--- Directions for this task ---
Repeat every record exactly, but keep images out of the copy.

━━━ Available data ━━━

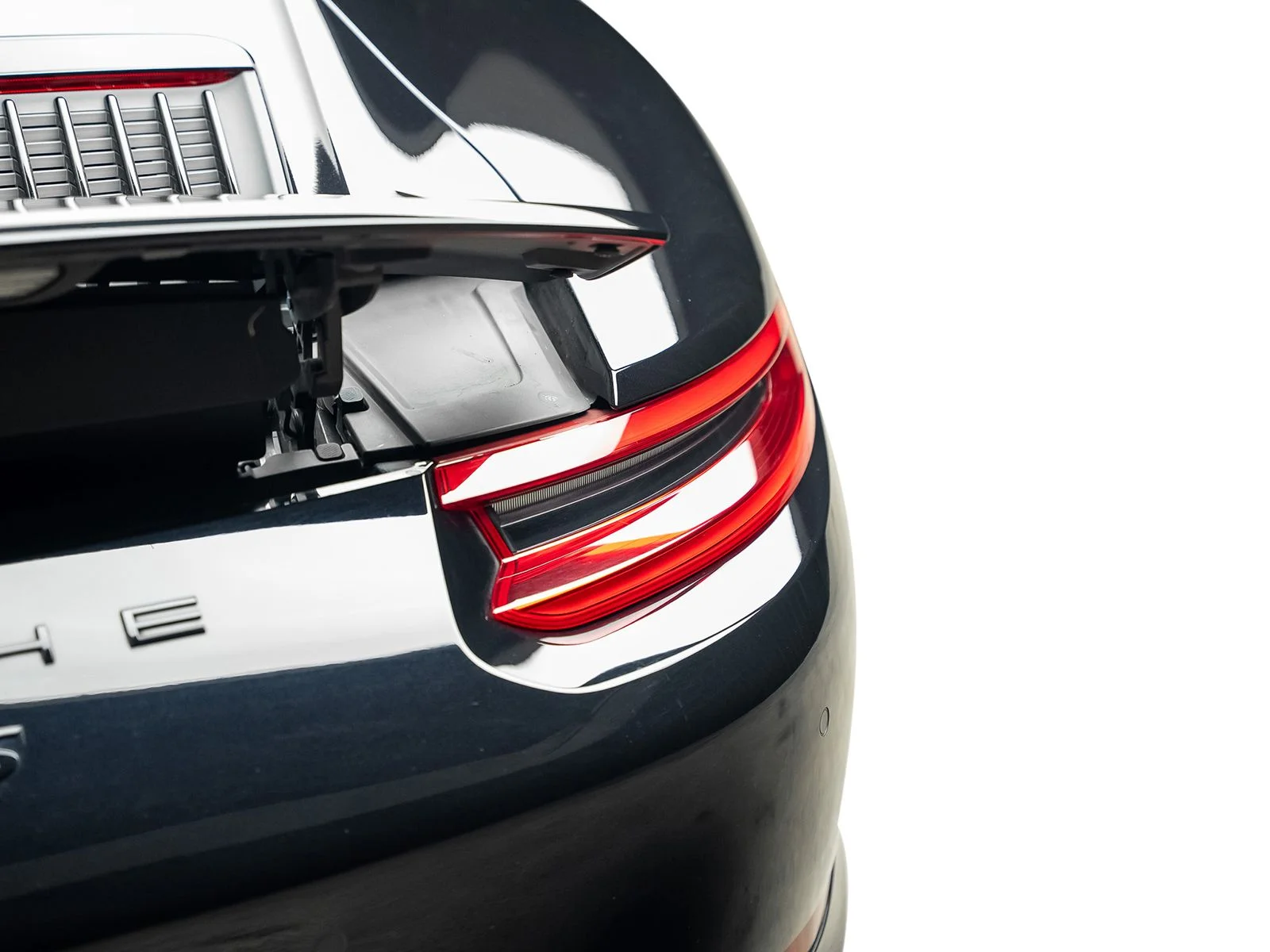 Used 2019 Black Porsche Carrera S image 18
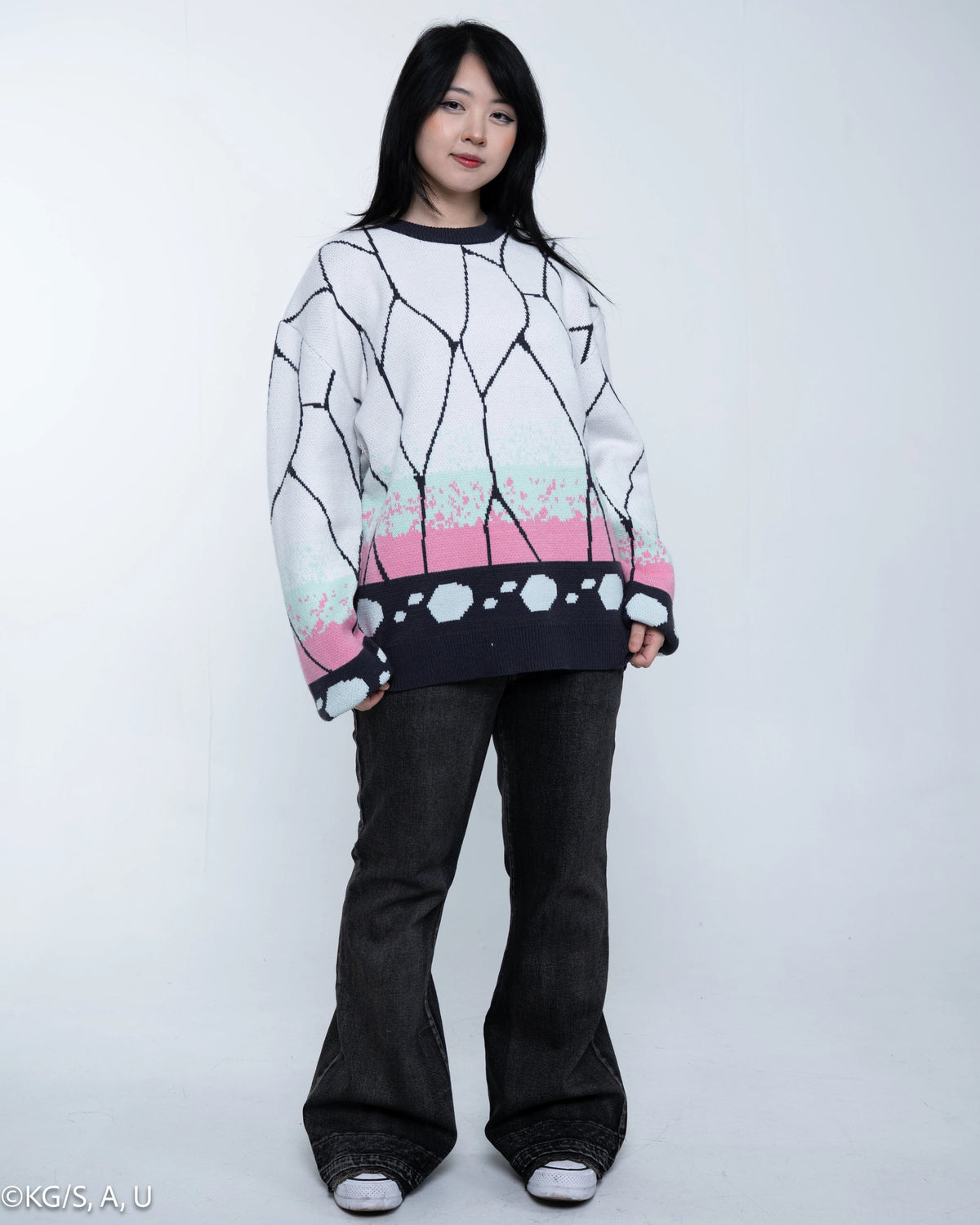 Demon Slayer: Kimetsu no Yaiba Shinobu Jumper - model wearing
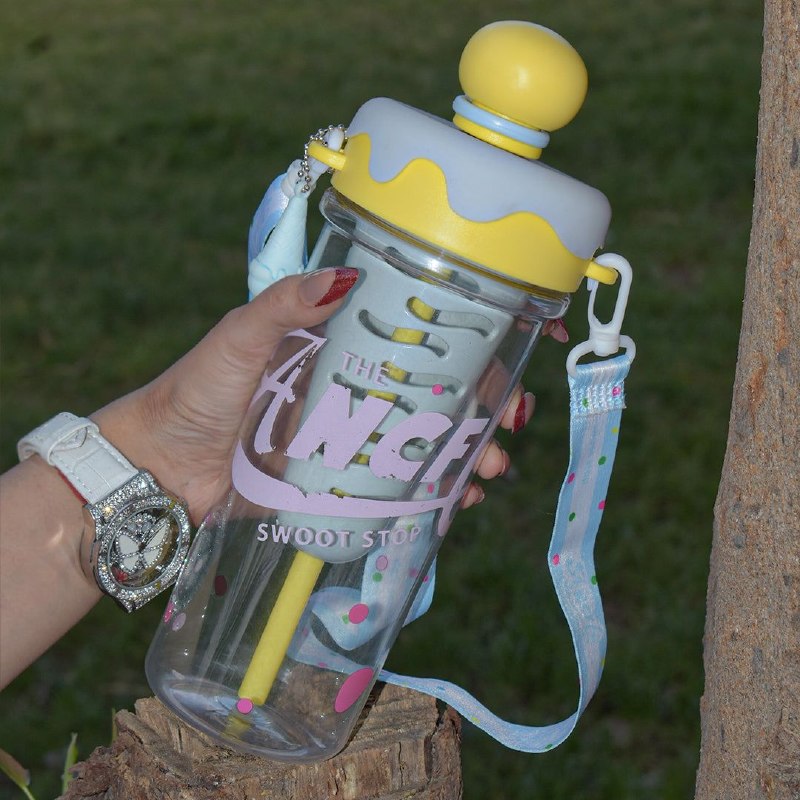 BOTELLA PARA AGUA CON DISEÑO DIVERTIDO DE HELADO CON CORREA
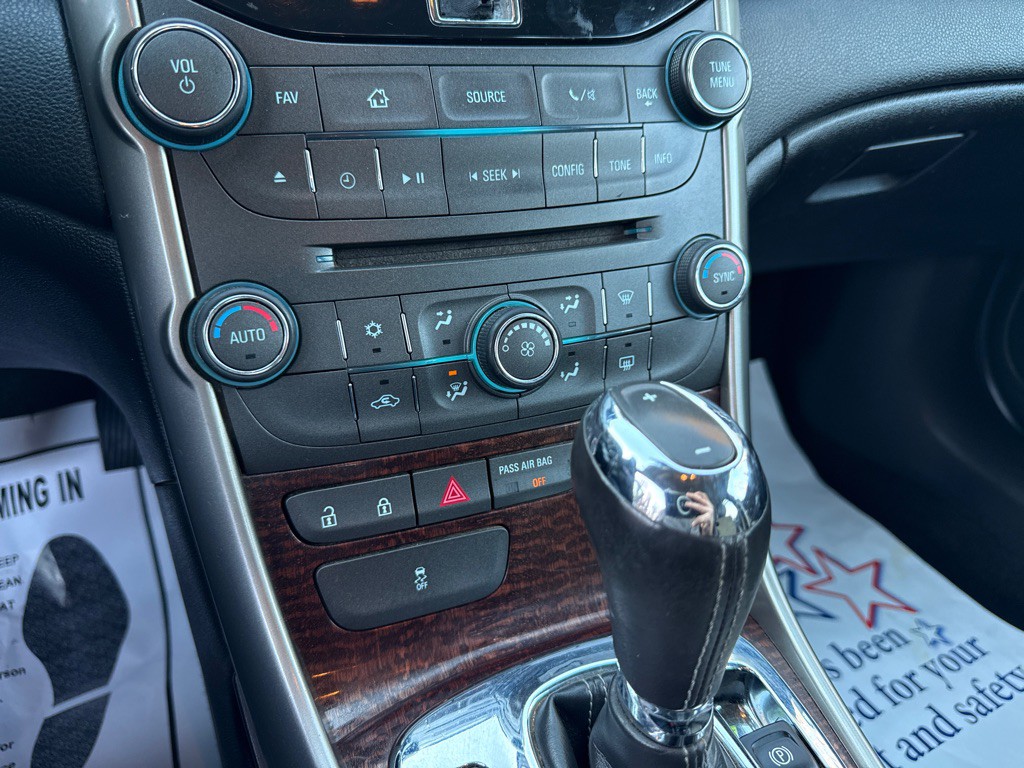 2013 Chevrolet Malibu Image 14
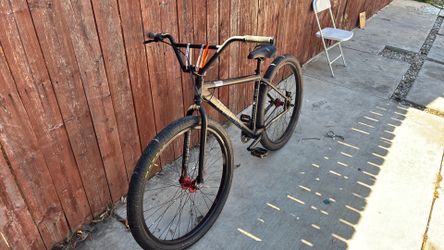 Throne bike the goon
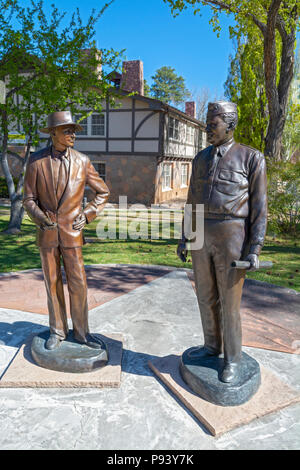 Nuovo Messico, Los Alamos, statue del Dottor J. Robert Oppenheimer e il generale Leslie R. Groves, scientifico e capi militari del Progetto Manhattan Foto Stock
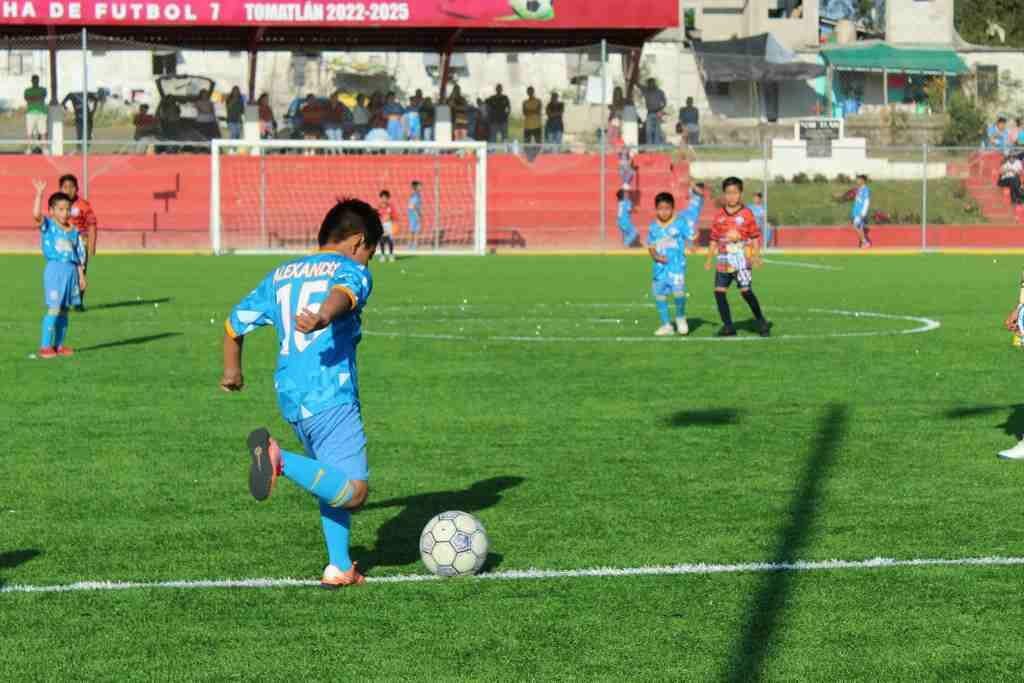 IMPULSAN EL DEPORTE EN TOMATLÁN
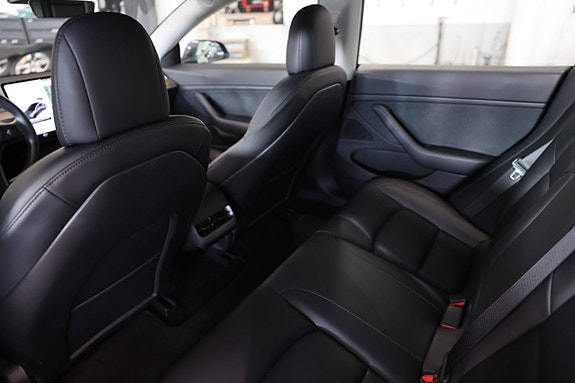 Tesla Model 3 13 of 16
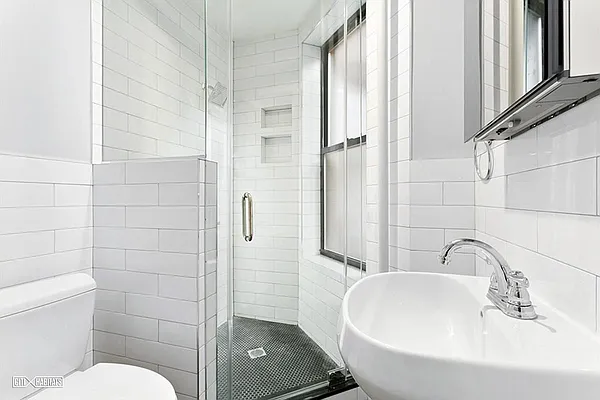 Rented by Corcoran | media 18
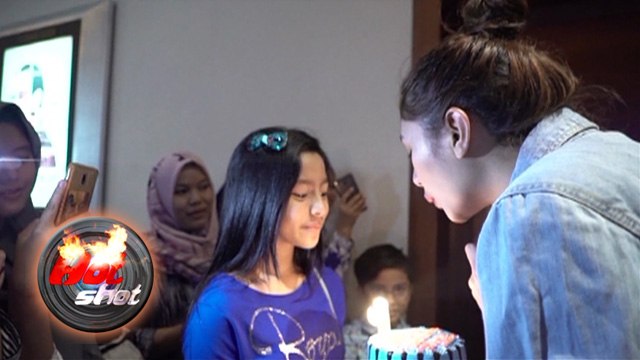 Kejutan Ultah Mikha Tambayong dari Penonton 'Belok Kanan Barcelona'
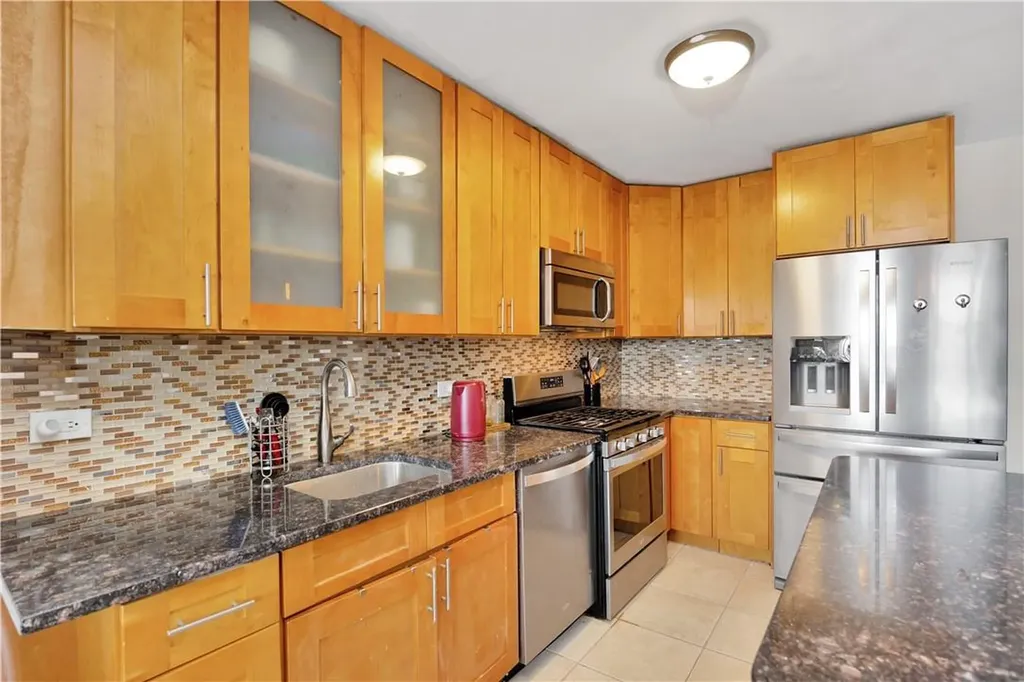 880 Boynton Avenue Bronx NY 10473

━━━

--- Final answer ---
 Used 2019 Black Porsche Carrera S image 18
 Demon Slayer: Kimetsu no Yaiba Shinobu Jumper - model wearing
 BOTELLA PARA AGUA CON DISEÑO DIVERTIDO DE HELADO CON CORREA
 2013 Chevrolet Malibu Image 14
 Throne bike the goon
 Nuovo Messico, Los Alamos, statue del Dottor J. Robert Oppenheimer e il generale Leslie R. Groves, scientifico e capi militari del Progetto Manhattan Foto Stock
 IMPULSAN EL DEPORTE EN TOMATLÁN
 Tesla Model 3 13 of 16
 Rented by Corcoran | media 18
 Kejutan Ultah Mikha Tambayong dari Penonton 'Belok Kanan Barcelona'
 880 Boynton Avenue Bronx NY 10473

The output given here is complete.